I remember using the graphical installer a few months back, for another system - and it failed badly - so this time I did it the ‘proper way;’  using the Gentoo Handbook.  It’s a really good way to learn exactly how all the bits of linux fit together ‘under the hood’ as it were.  It’d not something for the casual IT user - but if you’re going to do _anything_ in IT - I’d recommend it.  Anyway - you can read the handbook yourself, so I won’t go through the installation - it’s boring.. and time consuming (and moreso to repeat it verbatim).

The one thing I liked was that I didn’t spend hours grappling with X - it loaded right after gnome had been emerged - and to my surprise (due to my own excellent choices of kernel parameters) had nvidia working with hardware acceleration from the off.  Fantastic - a couple of hours later I had the whole system loaded how I liked - with autohinter enabled so my fonts are lovely and smooth - a nice ’stable’ version (or as close to stable as possible) of Beryl running my desktop.  All my music library symlinked from my ubuntu partition and hardware detection working a treat.  I just need to enable my subversion repos (two minute job) and then I’m ready for work.  (Oh, and I got vmware-player working so that I can run my WinXP image for commercial support).  Neat.

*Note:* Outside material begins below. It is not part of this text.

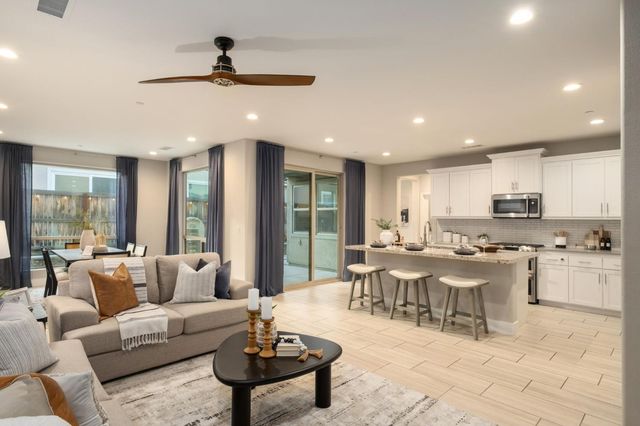 4228 Vineyard Drive, Madera, CA 93636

I wouldn’t have dreamed of getting all this done in a day before - fantastic!  I got help along the way in the #gentoo  IRC channel (though beware of staying on-topic).  It’s more a case of phrasing your questions so that your blaming gentoo for the problems.  If they feel like you’re dissing gentoo - they’re more likely to tell you what the real problem is - and from that the solution becomes identifiable.

I’m still using ubuntustudio for play stuff though, and ubuntu on my laptop (and ubuntu on my two servers) so guys - I haven’t really left you.  I’ve just spread my wings to fly again.  I’d read Zeth’s post if you really want to comprehend my inspiration… his analogy just fits.